After six and a half hours of deliberation, jurors on Friday acquitted Donald Marcus on charges of first-degree murder, malicious wounding, robbery and abduction.

But then, in one of the strangest verdicts court officials could recall, the jurors found him guilty of three counts of using firearms in the charges they had just acquitted him of, of possession of a sawed-off shotgun and of unlawful wearing of a mask. They recommended 13 years in prison and a $500 fine - a sentence Judge Alfred W. Whitehurst immediately upheld.

``How could they find me guilty for one thing and not guilty for the other?'' Marcus said in a holding cell after the trial. ``It doesn't make sense. I don't know what to say.''

Michael Fasanaro, Marcus' lawyer, appealed the verdict. Richard Grizzard - the Southampton County commonwealth's attorney appointed special prosecutor for trials of all three defendants in the case - told the court he thought the verdict was a compromise.

After the trial, some jurors said it was not a compromise, but rather their interpretation of the law.
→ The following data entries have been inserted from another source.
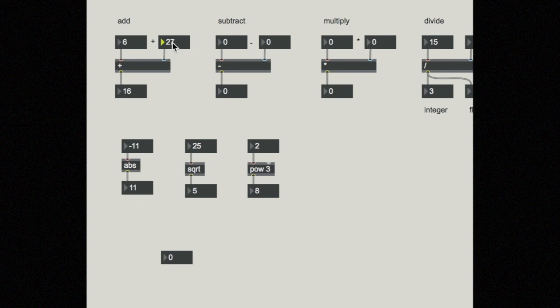But now if I go and change an input into my hot inlet, it will trigger an output when I hit enter. So that can be a little bit confusing right when you first get started.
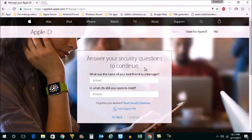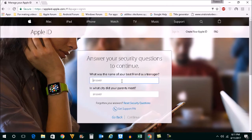Now you need to enter the answer for the security questions. Let me enter and then I will click on continue.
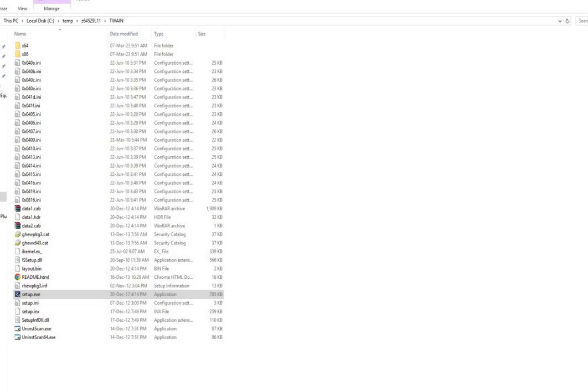Hello friends, welcome. If you are new to this channel, then please subscribe. Let us see, friends, if printer is not working even after installing the software, what to do.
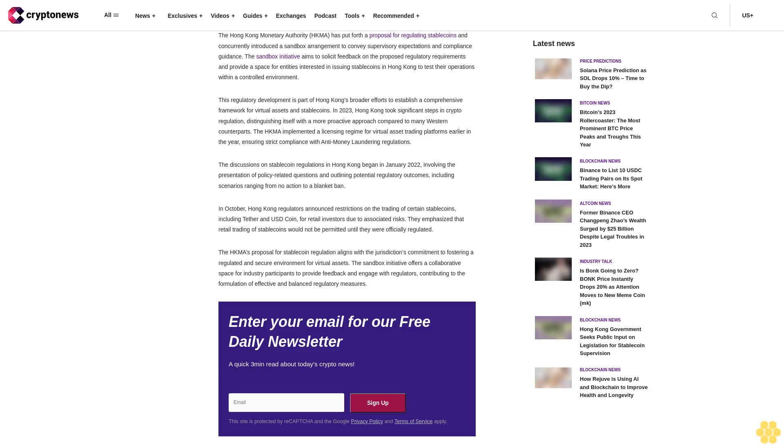The HKMA proposal for stablecoin regulation aligns with the jurisdiction's commitment to fostering a regulated and secure environment for virtual assets. The sandbox initiative offers a collaborative space for industry participants to provide feedback and engage with regulators, contributing to the formulation of effective and balanced regulatory measures.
They seemed frustrated, tired, and glad the week-long trial was over.

Thus ended the saga of trials and mistrials for Marcus and his co-defendants, Brian McCray and Denaldo Hill - a case that raised questions about the suppression of evidence by Norfolk law enforcement officials.
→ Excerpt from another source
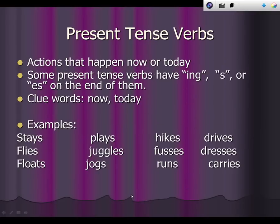Let's talk a little bit about present tense verbs. Present tense verbs show actions that happen now or today. Some present tense verbs have -ing, -s, or -es on the end of them. Some clue words you may see for present tense are now or today in the sentence. Some examples of present tense verbs are stays, flies, juggles, fusses, and dresses.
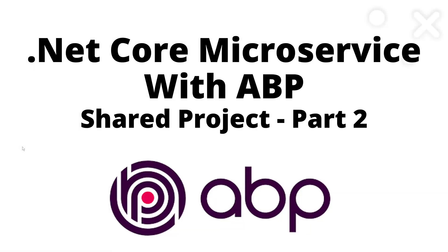Hello there, welcome back to the channel. In this video we are going to see how to set up the shared project in our microservice application.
In August 1993, McCray was convicted of the murder and sentenced to 43 years in prison. But a November 1993 story in The Virginian-Pilot showed that the case was based on the changing testimony of teenager Larry Edwards - who testified he saw the three outside the store moments before the fatal robbery - and tainted by the prosecutors' suppression of evidence. That December, Whitehurst declared a mistrial.

In May 1994, McCray was acquitted in a second trial. Two weeks later a jury convicted Hill and recommended life plus 80 years - a sentence that Whitehurst upheld.

Marcus maintained his innocence from the start. Fasanaro said during his opening Monday that Marcus was with his girlfriend and her child when three men dressed in black and wearing Phantom of the Opera masks robbed the Jr. Market on Westminster Avenue. During the robbery, Harris was shot point-blank in the head with a sawed-off shotgun.

During that time, Norfolk's law enforcement officials also found themselves on trial. In January 1994, the state bar investigated charges of prosecutorial misconduct against Commonwealth's Attorney Charles D. Griffith Jr., his chief deputy Norman Thomas, and Troy Spencer, the veteran prosecutor who first tried McCray's case. The charges against Spencer were dropped later that year.

Then, this March, Griffith and Thomas were apparently exonerated. The state bar does not comment on nonpublic proceedings, and Griffith has declined to comment. But friends of both Griffith and Thomas have said the men told them they were exonerated during a two-day hearing in Richmond.

Sources familiar with the investigation said that the key factor in the bar's decision was Whitehurst's rulings that evidence had been suppressed, but that there was no malice by prosecutors.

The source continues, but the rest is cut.